While organizers said they shared their agenda with the SAO as they planned the event-which they said was meant to commemorate the feast of Saint Joseph the Worker and include students, staff and faculty members - sophomore CLAP member Michael Angulo said the office called him 30 minutes before the scheduled kickoff to tell him there were problems with the "lack of transparency" in these conversations.

CLAP organizers said their application to Student Activities stated the event would celebrate the contribution of campus workers in conjunction with the feast of Saint Joseph, which typically occurs on May 1. SAO Assistant Director Amy Geist, however, said that when her office discovered some of the event's details Tuesday, she was concerned the celebration could become a workers' rights' protest.

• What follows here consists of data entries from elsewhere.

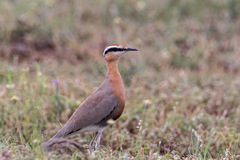 Cursorius coromandelicus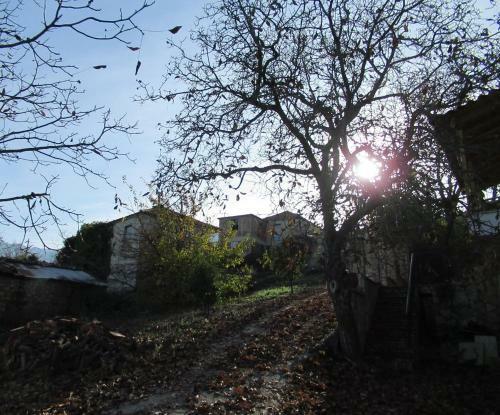 Apartamento Oniron Katafigio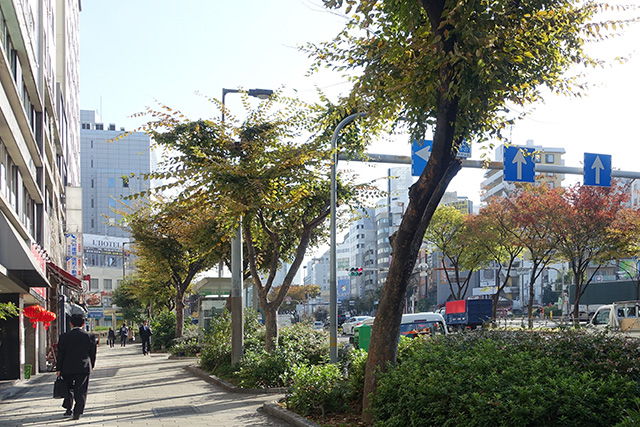 20151120-DSC08952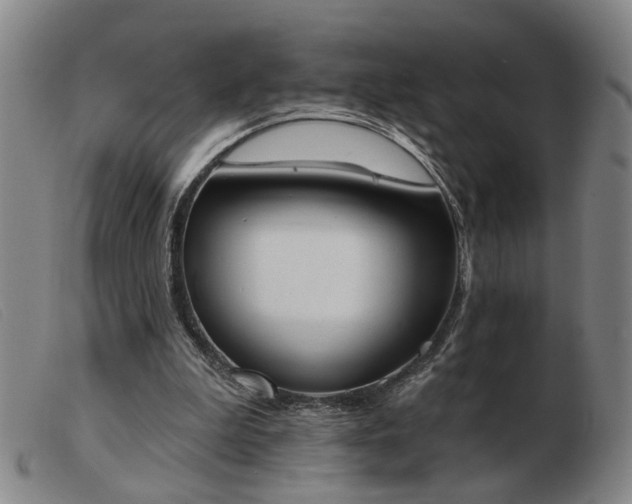 X0000103420199200809191645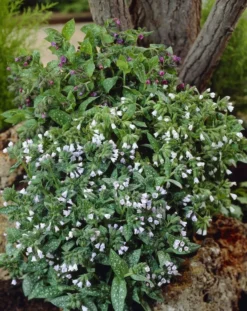 Pulmonaria Sissinghurst White - Lungwort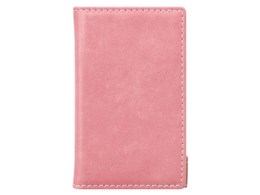 PG-WA100FP2PK [_XeBsN]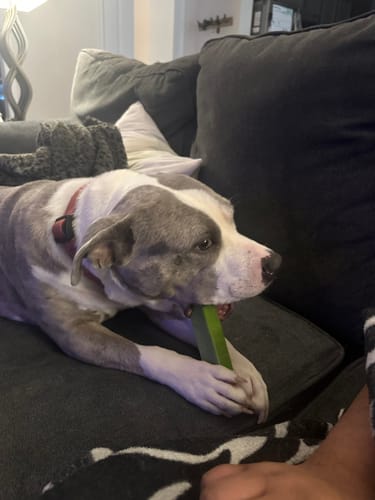 Customer's dog lying on a couch while holding a green Long-Lasting Yak Chew in its mouth and paws.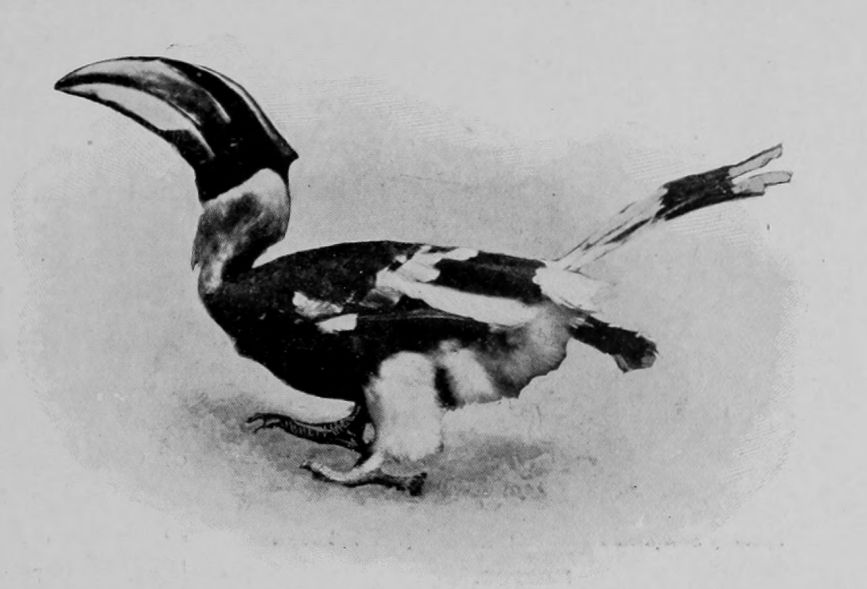 CONCAVE-CASQUED HORNBILL, INDIA.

"Peace Fellowship approached me about plans for a social celebratory program," Geist said. "When it became apparent that the events of the day were more demonstration-like in nature, further discussions were had with the officers of Peace Fellowship."

She said when it became clear the group had not taken the required steps to register a demonstration on campus, the SAO asked the CLAP and Peace Fellowship officers to "return the event to its originally proposed nature - that of a celebration of workers."

So the event went on - though not quite as planned.

"The main difference was that professors did not speak, that there was no opening prayer, that students from Campus Ministry and Right to Life did not speak, and they had prepared a statement saying economic justice is a life issue that we need to think about," Angulo said. "And all of the other [participants] were informed that it was no longer an SAO event, so it was simply them speaking their minds about the issues on their mind. More freedom with less security."